### [Stored records]
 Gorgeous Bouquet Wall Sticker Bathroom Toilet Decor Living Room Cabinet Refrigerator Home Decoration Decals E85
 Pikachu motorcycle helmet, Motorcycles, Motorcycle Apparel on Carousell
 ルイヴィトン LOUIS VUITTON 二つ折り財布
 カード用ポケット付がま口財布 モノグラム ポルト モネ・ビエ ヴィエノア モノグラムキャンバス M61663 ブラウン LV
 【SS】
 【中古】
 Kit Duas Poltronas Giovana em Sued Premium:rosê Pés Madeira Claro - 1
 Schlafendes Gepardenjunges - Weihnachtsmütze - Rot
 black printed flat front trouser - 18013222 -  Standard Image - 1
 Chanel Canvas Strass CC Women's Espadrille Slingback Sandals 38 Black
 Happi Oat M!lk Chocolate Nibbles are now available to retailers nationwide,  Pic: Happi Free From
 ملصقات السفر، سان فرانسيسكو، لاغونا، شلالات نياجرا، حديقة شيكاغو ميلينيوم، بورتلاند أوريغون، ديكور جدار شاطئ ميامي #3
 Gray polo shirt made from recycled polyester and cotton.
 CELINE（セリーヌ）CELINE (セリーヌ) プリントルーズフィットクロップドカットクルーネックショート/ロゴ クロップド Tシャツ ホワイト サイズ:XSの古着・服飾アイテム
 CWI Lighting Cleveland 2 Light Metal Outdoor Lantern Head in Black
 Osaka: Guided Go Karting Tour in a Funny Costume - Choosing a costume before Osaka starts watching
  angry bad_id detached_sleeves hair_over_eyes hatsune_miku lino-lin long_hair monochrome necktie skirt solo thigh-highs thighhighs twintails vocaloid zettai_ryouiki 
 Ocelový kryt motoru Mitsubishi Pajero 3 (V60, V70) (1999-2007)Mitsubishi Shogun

### [Task objective]
Only the lines from the one containing "Schlafendes Gepardenjunges - Weihnachtsmütze" through the last line of the records above are to be reproduced, exactly and with both ends included.

### [Exercise response]
 Schlafendes Gepardenjunges - Weihnachtsmütze - Rot
 black printed flat front trouser - 18013222 -  Standard Image - 1
 Chanel Canvas Strass CC Women's Espadrille Slingback Sandals 38 Black
 Happi Oat M!lk Chocolate Nibbles are now available to retailers nationwide,  Pic: Happi Free From
 ملصقات السفر، سان فرانسيسكو، لاغونا، شلالات نياجرا، حديقة شيكاغو ميلينيوم، بورتلاند أوريغون، ديكور جدار شاطئ ميامي #3
 Gray polo shirt made from recycled polyester and cotton.
 CELINE（セリーヌ）CELINE (セリーヌ) プリントルーズフィットクロップドカットクルーネックショート/ロゴ クロップド Tシャツ ホワイト サイズ:XSの古着・服飾アイテム
 CWI Lighting Cleveland 2 Light Metal Outdoor Lantern Head in Black
 Osaka: Guided Go Karting Tour in a Funny Costume - Choosing a costume before Osaka starts watching
  angry bad_id detached_sleeves hair_over_eyes hatsune_miku lino-lin long_hair monochrome necktie skirt solo thigh-highs thighhighs twintails vocaloid zettai_ryouiki 
 Ocelový kryt motoru Mitsubishi Pajero 3 (V60, V70) (1999-2007)Mitsubishi Shogun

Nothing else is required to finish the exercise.